*** Extracted records ***

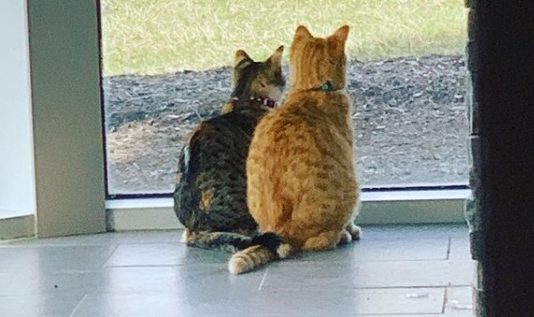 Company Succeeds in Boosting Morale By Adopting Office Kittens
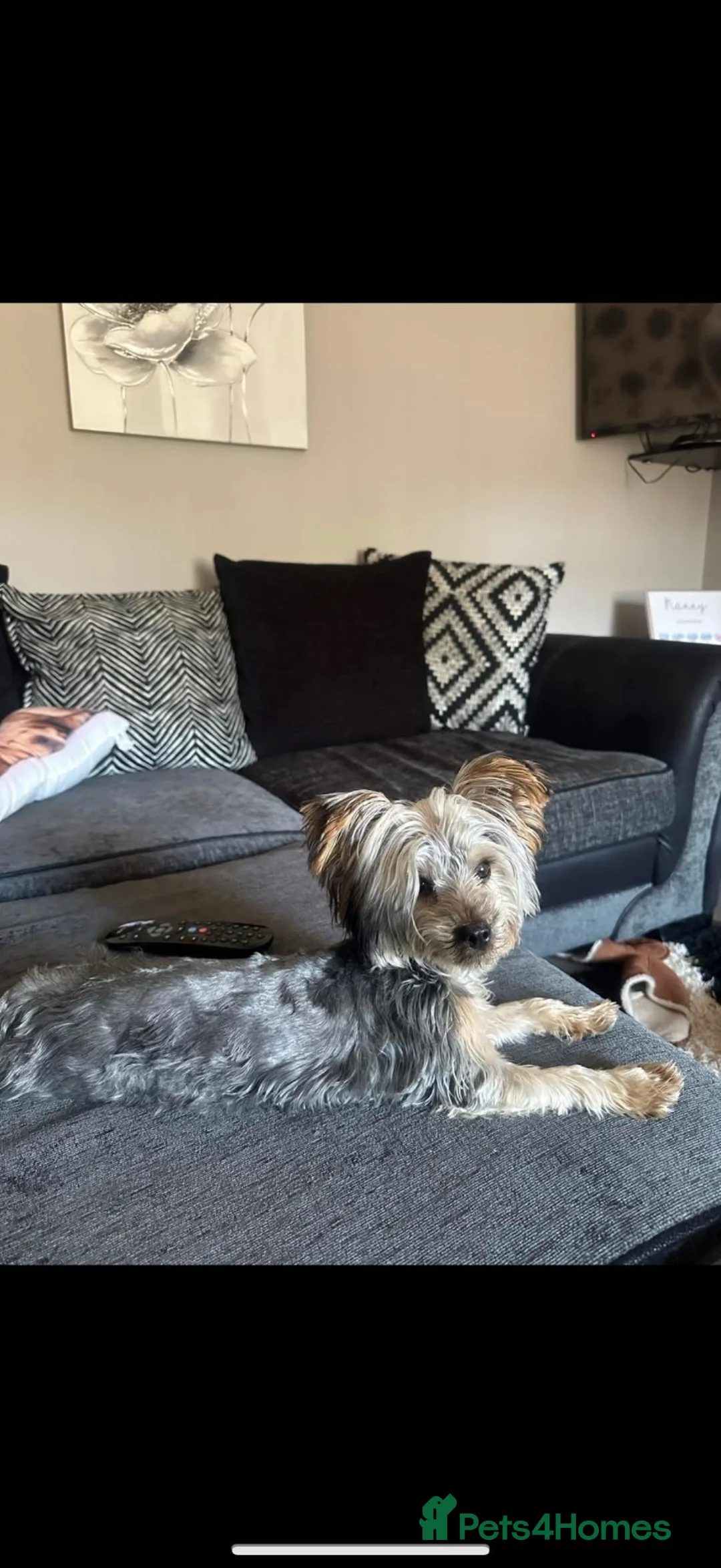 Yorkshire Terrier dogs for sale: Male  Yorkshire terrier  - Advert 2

*** End of Extracted records ***
*** Extracted records ***

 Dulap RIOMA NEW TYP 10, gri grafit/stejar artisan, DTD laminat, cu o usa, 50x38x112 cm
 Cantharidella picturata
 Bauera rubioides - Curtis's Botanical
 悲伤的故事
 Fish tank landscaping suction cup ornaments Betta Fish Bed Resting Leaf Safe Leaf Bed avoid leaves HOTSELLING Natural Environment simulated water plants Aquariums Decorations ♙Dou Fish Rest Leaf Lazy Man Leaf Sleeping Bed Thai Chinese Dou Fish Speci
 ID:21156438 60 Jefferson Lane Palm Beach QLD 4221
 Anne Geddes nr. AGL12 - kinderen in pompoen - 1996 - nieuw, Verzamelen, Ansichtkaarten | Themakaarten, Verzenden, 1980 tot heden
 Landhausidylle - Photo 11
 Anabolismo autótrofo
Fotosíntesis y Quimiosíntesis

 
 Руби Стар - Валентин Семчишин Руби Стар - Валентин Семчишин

*** End of Extracted records ***
*** Extracted records ***

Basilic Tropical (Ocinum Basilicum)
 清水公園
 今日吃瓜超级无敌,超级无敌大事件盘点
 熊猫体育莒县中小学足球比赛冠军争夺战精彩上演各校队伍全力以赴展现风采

*** End of Extracted records ***

**Exercise prompt**:
Copy out, exactly and alone, the lines of the entries above between the ones holding "Fotosíntesis y Quimiosíntesis" and "Руби Стар - Валентин Семчишин Руби", inclusive.

**Response to the exercise**:
Fotosíntesis y Quimiosíntesis

 
 Руби Стар - Валентин Семчишин Руби Стар - Валентин Семчишин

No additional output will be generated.